— PROVIDED MATERIAL —
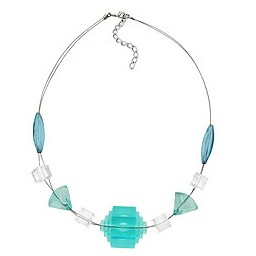 necklace eye-catching bead aqua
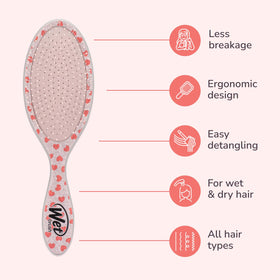 Wet Brush Original Detangler Hair Brush Mickey & Minnie side view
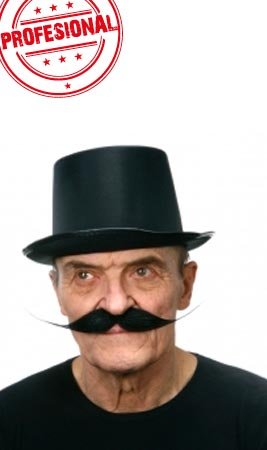 Moustache Noir Professionnelle 023-LH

— TO DO —
Without the pictures, write out the listing exactly as it appears above.

— YOUR RESPONSE —
 necklace eye-catching bead aqua
 Wet Brush Original Detangler Hair Brush Mickey & Minnie side view
 Moustache Noir Professionnelle 023-LH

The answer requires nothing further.